Mark 10 says that a divorced man who remarries again commits adultery…but what if that husband was left by his wife?”
(Question about Christians and divorce from a reader in the Philippines.)
You’ve asked a most excellent question. Scholars have debated issues related to divorce throughout the ages, back to the time of Jesus and before. Even now, different Christian churches teach different things about whether a person can marry again after divorce.
Back in the Day…
When Jesus was asked by the Pharisees about divorce, it was a test. (Mark 10:2 and Matthew 19:3) At the time a woman could be divorced by a man for any and every reason he wished no matter how trivial. In his answer, Jesus attacks this casual approach to divorce and speaks to two things:
- The sacredness of marriage (Mark 10:9)
- The grace of God – Moses indicated that divorce was allowed with a certificate of divorce. (Mark 10:3-5)
Are the words of Jesus still relevant today?
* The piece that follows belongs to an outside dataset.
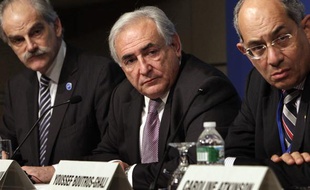 John Lipsky, Dominique Strauss-Kahn et Youssef Boutros Ghali lors de l'assemblée générale du Fonds monétaire international (FMI), le 24 avril 2010 à Washington.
Absolutely. Read on for better understanding.
Jesus makes it clear that…
- First priority and God’s plan is for you to make your marriage work. Give it every effort.
- Moses allowed for divorce because “your hearts were hard.”
- Divorce is not to be taken lightly.
I tell you that anyone who divorces his wife, except for marital unfaithfulness, and marries another woman commits adultery,” says Matthew 19: 9.
Does Jesus literally mean that a person who marries again commits adultery or is it an overstatement to make a point about the seriousness of marriage? Good question.
In Mark 9:43 Jesus says, “And if your hand causes you to sin, cut it off.” Does he mean for you to really cut it off or is he making an overstatement to say that we need to make a serious effort to stop sinning?
I think in both cases Jesus is making an overstatement to make a point. (This is called hyperbole.) I believe he is saying that divorce is not a part of God’s plan and that divorcing on a whim and marrying another person is as bad as committing adultery. (This is called a metaphor.) Divorce is not to be taken lightly. Remember, at the time a man could divorce his wife for a trivial reason. Jesus is standing firm for marriage and for women.
In 1 Corinthians 7:15 Paul says, “But if the unbeliever leaves, let him do so. A believing man or woman is not bound in such circumstances…” Some believe this means that an abandoned believer is free to remarry. (Some say that anyone who abandons a marriage is an unbeliever.) NOTE: The person who files for divorce is not always the person who abandoned the marriage.
One thing I know for sure is that God’s grace is awesome. If your partner breaks the marriage vows and remains unrepentant over time it may be necessary to divorce. Or, you may have been abandoned and be divorced even though it was not your choice. Either way, I believe, as many churches teach, that you are then free to marry.
Choose a path of healing…
- Honestly ask God for forgiveness for your part in the divorce. Repent.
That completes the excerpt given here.